To the Japanese, sushi and sake, their favourite dishes, go hand in hand. But Tamil Nadu laws do not allow restaurants to serve liquor, so we make do without sake in Japanese restaurants here, says Shinya Fujii, Director General, Jetro, regretfully. The dissatisfaction of not being able to take the rice wine with their signature rice and fish dish seems to illustrate the position of Japanese companies who have invested in Tamil Nadu. Somehow, an essential component seems to be missing.

The missing pieces are, physical infrastructure and speedy completion of infrastructure projects.

Whether the road link to Ennore Port, a major export point for Japanese automobile and manufacturing companies, or clearances for projects, or the power situation — a speedy solution seems elusive, he says.

Fujii points out that as of October, over 344 companies have invested in the State against 286 companies in 2011. In 2008, there were just 77 companies. The trend of investments is expected to hold in the coming year. Every month over 300-400 enquiries come to Jetro’s Chennai office with investment plans.
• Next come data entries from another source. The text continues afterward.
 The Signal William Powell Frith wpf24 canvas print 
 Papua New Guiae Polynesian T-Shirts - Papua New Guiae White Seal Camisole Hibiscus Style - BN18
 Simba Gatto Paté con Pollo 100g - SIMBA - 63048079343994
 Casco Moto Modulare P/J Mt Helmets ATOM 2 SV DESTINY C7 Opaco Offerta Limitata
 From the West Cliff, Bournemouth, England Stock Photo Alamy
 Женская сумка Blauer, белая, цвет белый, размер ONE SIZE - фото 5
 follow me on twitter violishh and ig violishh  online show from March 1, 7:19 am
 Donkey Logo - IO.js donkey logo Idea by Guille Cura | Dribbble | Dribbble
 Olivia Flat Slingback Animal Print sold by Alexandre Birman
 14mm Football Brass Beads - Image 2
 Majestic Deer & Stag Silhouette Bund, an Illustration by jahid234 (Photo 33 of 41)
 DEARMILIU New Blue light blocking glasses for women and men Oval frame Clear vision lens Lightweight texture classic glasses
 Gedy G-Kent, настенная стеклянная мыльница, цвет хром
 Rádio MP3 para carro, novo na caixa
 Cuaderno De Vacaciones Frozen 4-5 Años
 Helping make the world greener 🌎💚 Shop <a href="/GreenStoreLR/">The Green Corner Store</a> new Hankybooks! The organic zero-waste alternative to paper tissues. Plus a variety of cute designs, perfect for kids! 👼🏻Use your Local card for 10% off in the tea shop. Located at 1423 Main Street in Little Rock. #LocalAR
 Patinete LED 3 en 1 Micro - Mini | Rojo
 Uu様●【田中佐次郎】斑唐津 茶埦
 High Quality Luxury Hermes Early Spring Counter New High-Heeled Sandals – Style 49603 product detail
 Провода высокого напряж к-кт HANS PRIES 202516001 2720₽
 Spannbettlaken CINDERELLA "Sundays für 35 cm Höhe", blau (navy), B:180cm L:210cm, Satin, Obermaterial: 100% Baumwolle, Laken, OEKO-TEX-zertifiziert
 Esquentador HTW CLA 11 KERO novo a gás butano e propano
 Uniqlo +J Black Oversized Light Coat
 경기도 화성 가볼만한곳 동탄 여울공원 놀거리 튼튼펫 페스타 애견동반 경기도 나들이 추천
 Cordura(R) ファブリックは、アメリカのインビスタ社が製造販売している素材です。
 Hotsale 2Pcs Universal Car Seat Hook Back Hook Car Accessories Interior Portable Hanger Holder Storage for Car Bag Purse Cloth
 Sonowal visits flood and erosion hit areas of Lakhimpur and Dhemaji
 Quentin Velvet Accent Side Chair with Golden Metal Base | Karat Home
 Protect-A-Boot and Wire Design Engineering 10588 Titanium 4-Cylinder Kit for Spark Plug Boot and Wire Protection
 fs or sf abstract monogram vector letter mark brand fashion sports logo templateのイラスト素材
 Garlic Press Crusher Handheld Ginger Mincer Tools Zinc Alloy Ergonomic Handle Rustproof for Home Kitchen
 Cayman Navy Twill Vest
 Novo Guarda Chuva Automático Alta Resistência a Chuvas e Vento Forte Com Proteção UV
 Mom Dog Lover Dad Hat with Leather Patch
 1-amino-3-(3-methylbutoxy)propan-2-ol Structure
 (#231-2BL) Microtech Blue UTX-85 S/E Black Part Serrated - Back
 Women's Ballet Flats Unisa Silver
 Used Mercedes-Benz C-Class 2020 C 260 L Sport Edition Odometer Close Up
Quoting statistics of the Japanese Chamber of Commerce and Industry in Chennai, of which he will soon be the Secretary-General, he says 120 companies have invested over $203 billion in Tamil Nadu, generated over 52,000 jobs and infused modern technology and skills.

Shifting to south

The investments are led by automobile companies which have also brought in tier-I and -II suppliers. Five major Japanese automobile players have invested in Tamil Nadu or close to the State and have drawn suppliers to invest here.

Apart from Renault-Nissan, Nissan’s joint venture with Ashok Leyland and Toyota, two-wheeler company Yamaha has announced plans to set up a 1.8-million unit production facility near Chennai. Yamaha is to start production in January 2014 and by 2018 will reach full capacity. In North India, its unit will go to 1 million units by then.

Effectively, its production is shifting to the South, he pointed out. Pick-up truck-maker Isuzu plans to set up its headquarters in Chennai. It will finalise a location by next month, he said. Its investment will be comparable with that of other Japanese automobile majors, he said.

Renault-Nissan which started with a production capacity of 1 lakh units in 2010 has quadrupled its output.

So where is the deficiency?

Look at the power shortage, Fujii says. Last year, every day companies had to use diesel generators for at least half a day. Now 3-4 hours daily they depend on generators. The diesel power is 3-4 times costly, and companies are hit by cash losses. There has been a more than year-and-a-half delay in improving connectivity to the Ennore Port. Renault-Nissan, Toshiba and Toyota are impacted by this problem.

We “cannot understand the delay in Government schedules,” he said. Land costs are high and locations near Chennai are not available. Industrial estates in Oragadam and Sriperumbudur area have been sold out.

The Omega Township Project, dubbed a Japanese township, a 1,500-acre industrial township project near Mahabalipuram with 600 acres for industrial units and the balance for an integrated town, is also delayed. The environment impact assessment report has been cleared by the Centre and the State Government approvals are awaited. Developer Ascendas of Singapore has also started presales, he said.

Why Tamil Nadu

In Jetro’s estimate, India scores low as an investment destination in terms of initial costs. In most countries, investors can move in and start work once land is allocated. But here companies need to put in generators, water pipelines and electricity lines. Even Government clearances are delayed. While companies can expect to break even in 2-3 years elsewhere, in India it can take up to 5 years, says Fujii.

Renewal of working visas can take months to be cleared, a process that takes just 2-3 days in the US.

Why then are Japanese companies keen on investing in South India?

There are four to five reasons, he says. Presence of major ports on the East Coast with access to the Asean countries for Japanese companies, presence of other international players which gives Japanese companies a wider client base, skilled human resource, which is a strong feature in Tamil Nadu — when Renault-Nissan called for 800 jobs in 2010, there were 55,000 applications, he said.

Labour is 20-30 per cent cheaper compared with Delhi or Mumbai, he said.

Japanese companies have evolved in India. From the first stage of focusing on the domestic market here, they have gone on to exports and are now setting up technology-development centres. Renault-Nissan has over 5,000 workers in the car plant, but over 2,000-3,000 in the technology centre near Chennai. India is one of the global hubs for technology for Japanese companies, he said.

Japanese companies are looking at the Chennai-Bangalore corridor as “the backbone of Japanese investments.” Last December, India and Japan signed a joint statement on industrial cooperation. As a part of this, the Chennai-Bangalore corridor is to be upgraded with industrial parks and rail connectivity. Next year an initial master plan will be put in place.

The Indian Government announced in its National Manufacturing Policy plans to take the contribution of manufacturing sector to the GDP to 25 per cent from the present 15 per cent. The Japanese Government and companies can help the country achieve this target, Fujii said.